About this task:
Your task is to extract every entry that follows word for word while excluding the pictures.

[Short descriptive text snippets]
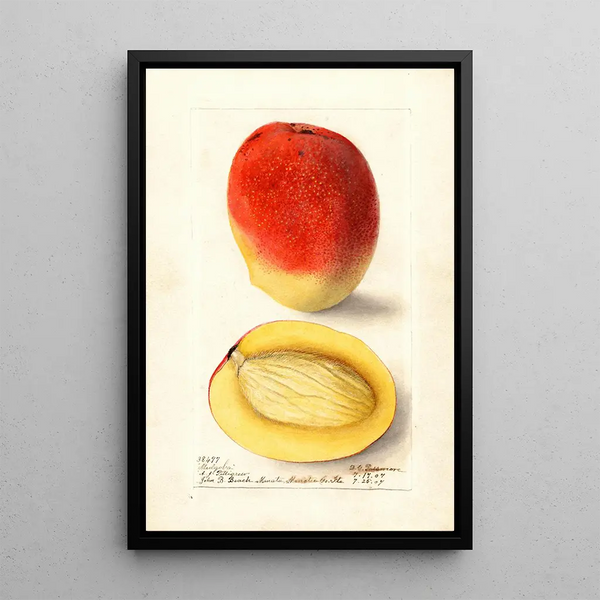 Mangifera indica Mulgoba - Deborah Griscom Passmore — quadro incorniciato alla parete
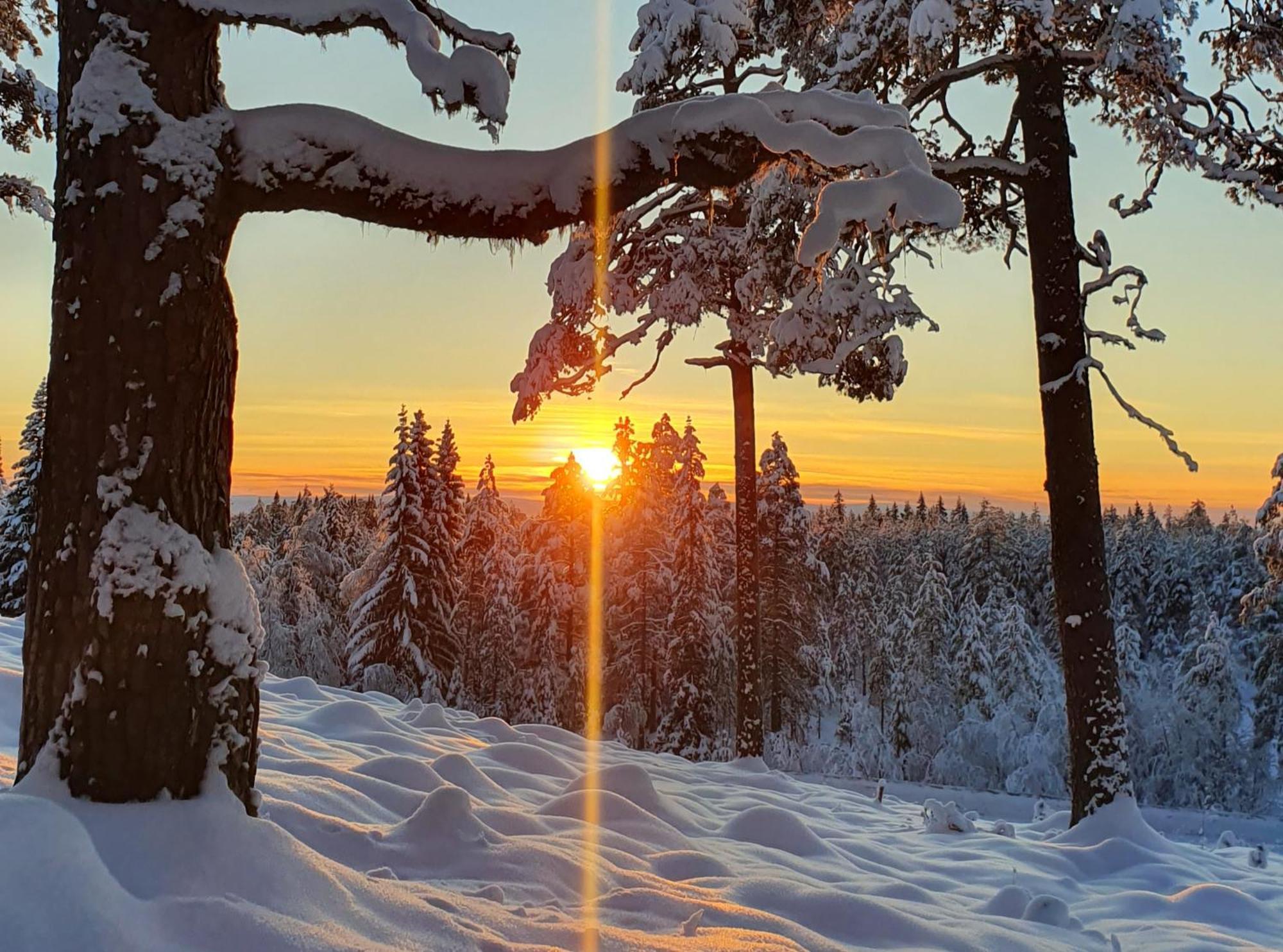 Stationshuset Dalarna Apartments Sörsjön Buitenkant foto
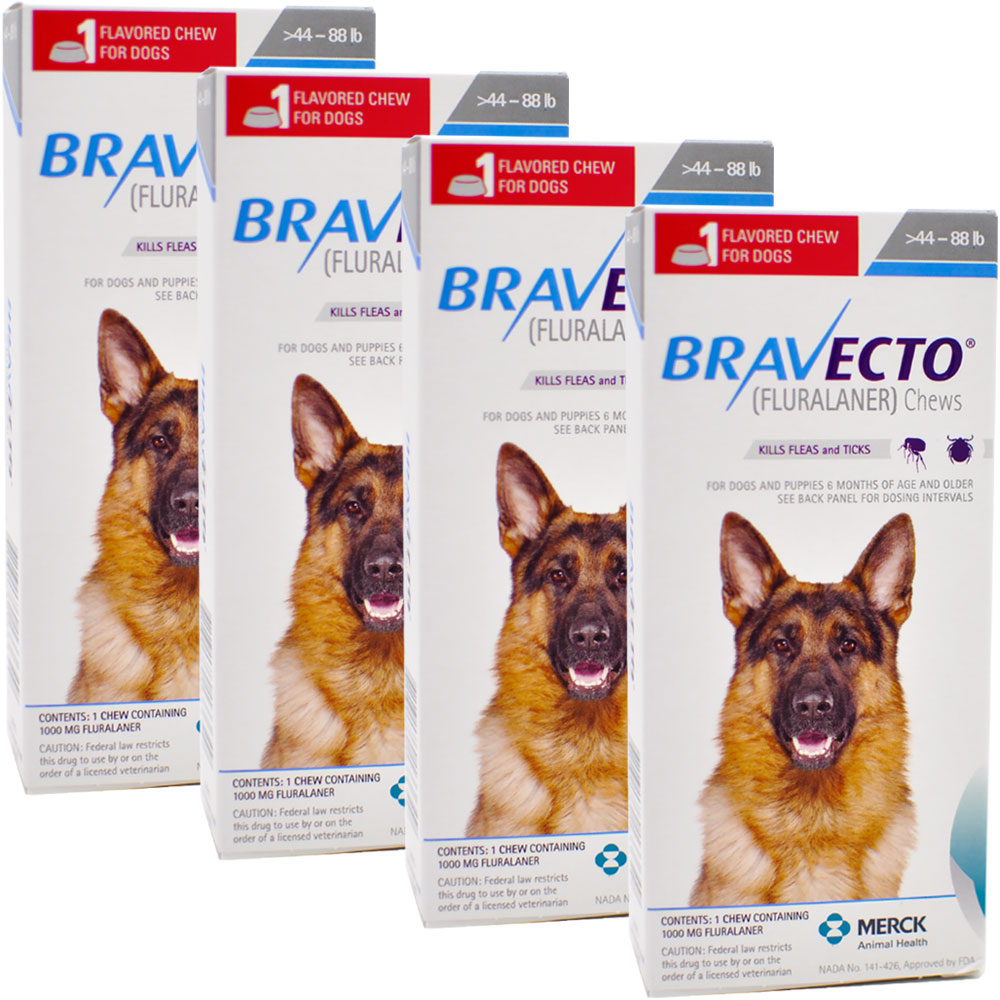 Download Bravecto For Dogs PNG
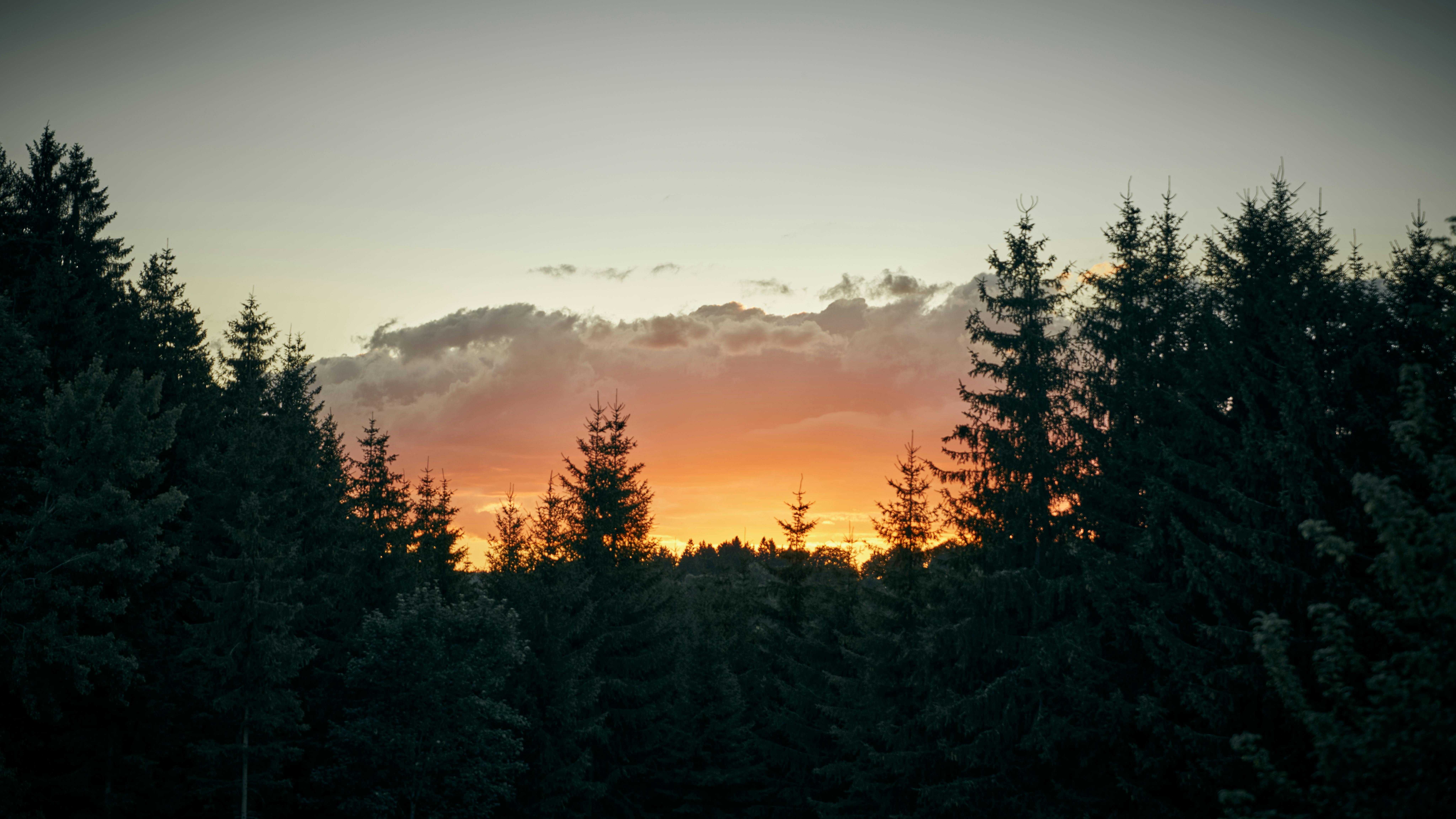 이사할 집에서 이상한 소리가 나는을 상징하는 이미지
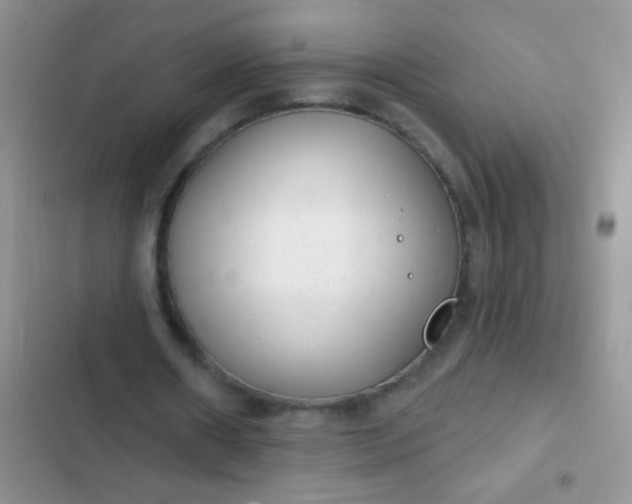 X0000102530482200808221909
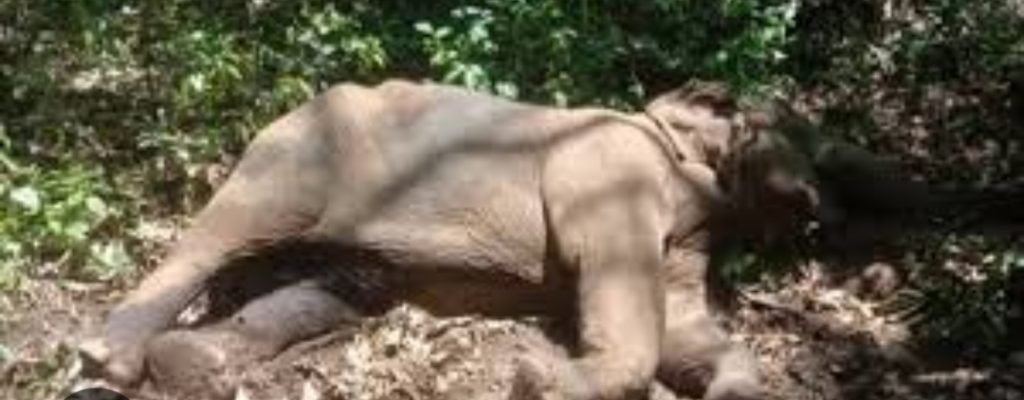 കാട്ടാനയെ ചരിഞ്ഞനിലയിൽ കണ്ടെത്തി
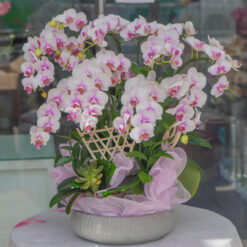 CHẬU LAN HỒ ĐIỆP MINI TRẮNG MFOR174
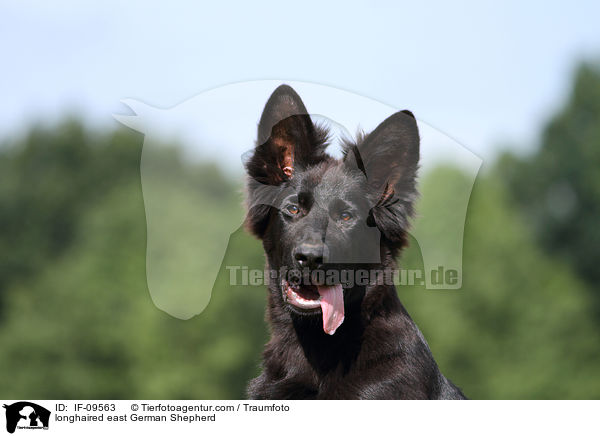 longhaired east German Shepherd / IF-09563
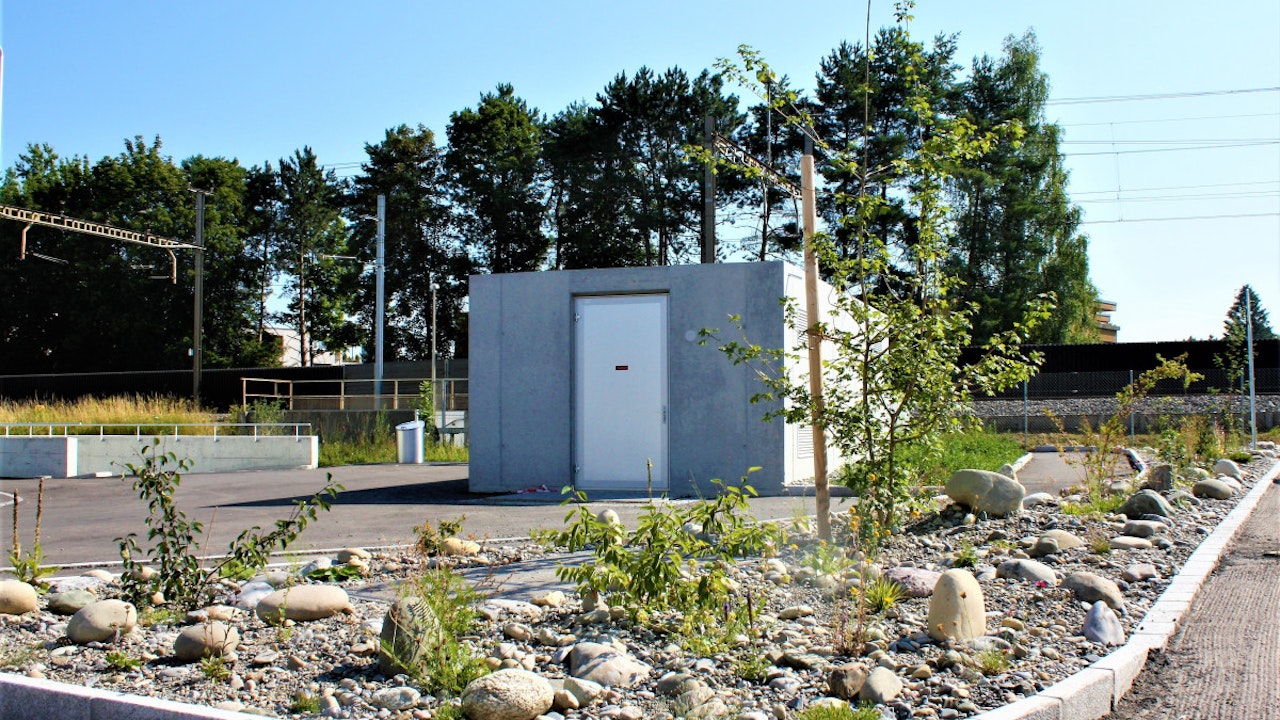 Naturnahe Ruderalfläche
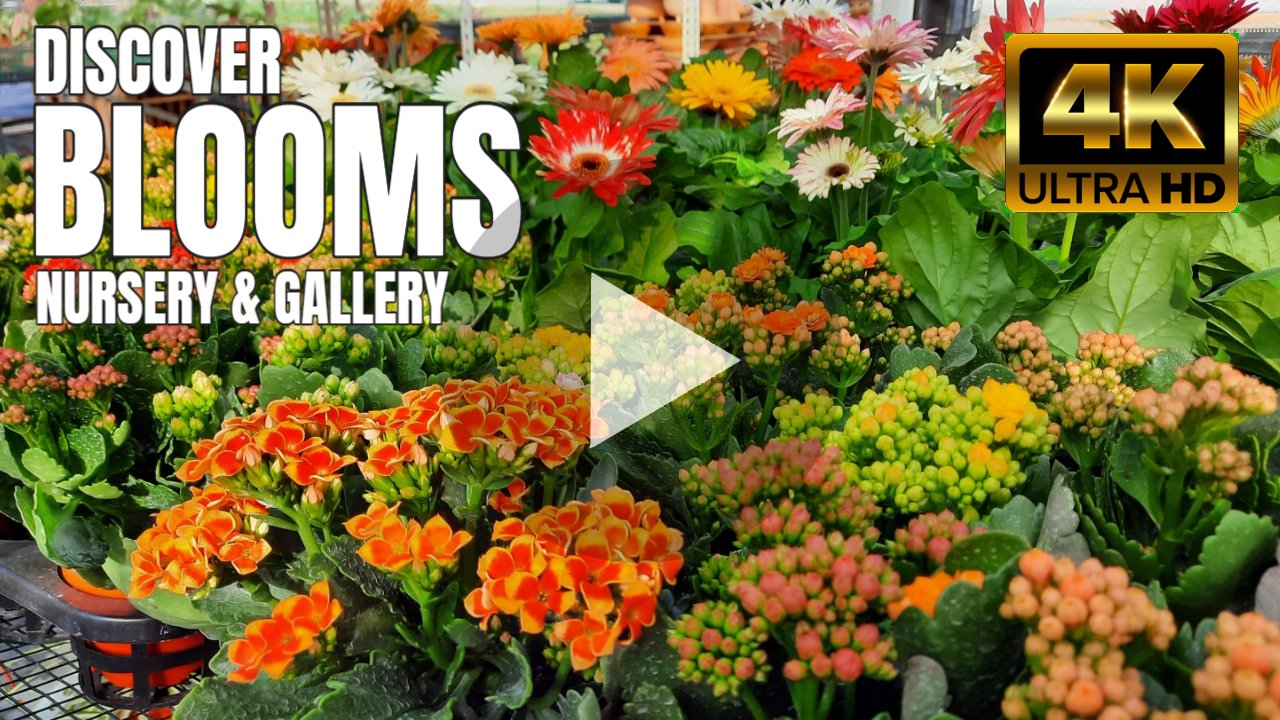 Blooms Nursery & Gallery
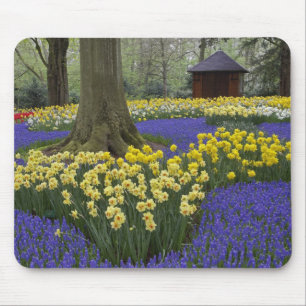 Tapis De Souris Daffodils, jacinthe de raisin et jardin de tulipes
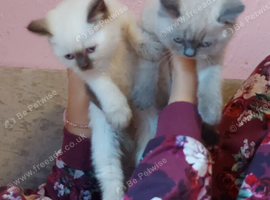 Full British shorthair available now Bradford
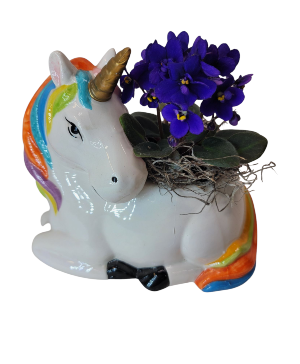 Rainbow Unicorn Planter Violet Plant
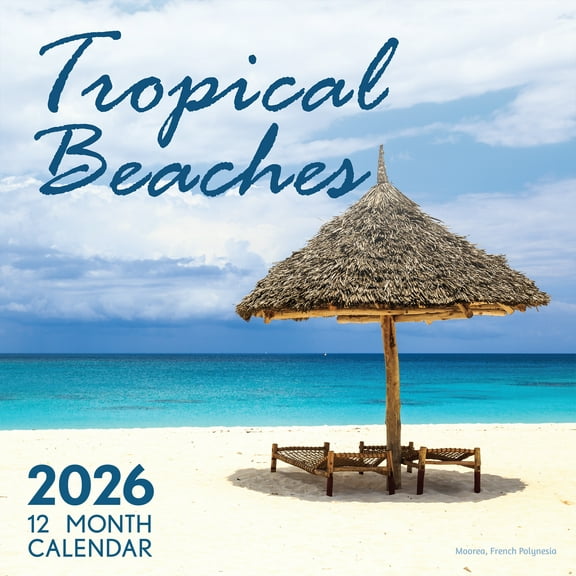 EcoEarth 18 Month Vertical Wall Calendar, Tropical Beaches, 11" x 22", Jul 2025-Dec 2026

Response below:
 Mangifera indica Mulgoba - Deborah Griscom Passmore — quadro incorniciato alla parete
 Stationshuset Dalarna Apartments Sörsjön Buitenkant foto
 Download Bravecto For Dogs PNG
 이사할 집에서 이상한 소리가 나는을 상징하는 이미지
 X0000102530482200808221909
 കാട്ടാനയെ ചരിഞ്ഞനിലയിൽ കണ്ടെത്തി
 CHẬU LAN HỒ ĐIỆP MINI TRẮNG MFOR174
 longhaired east German Shepherd / IF-09563
 Naturnahe Ruderalfläche
 Blooms Nursery & Gallery
 Tapis De Souris Daffodils, jacinthe de raisin et jardin de tulipes
 Full British shorthair available now Bradford
 Rainbow Unicorn Planter Violet Plant
 EcoEarth 18 Month Vertical Wall Calendar, Tropical Beaches, 11" x 22", Jul 2025-Dec 2026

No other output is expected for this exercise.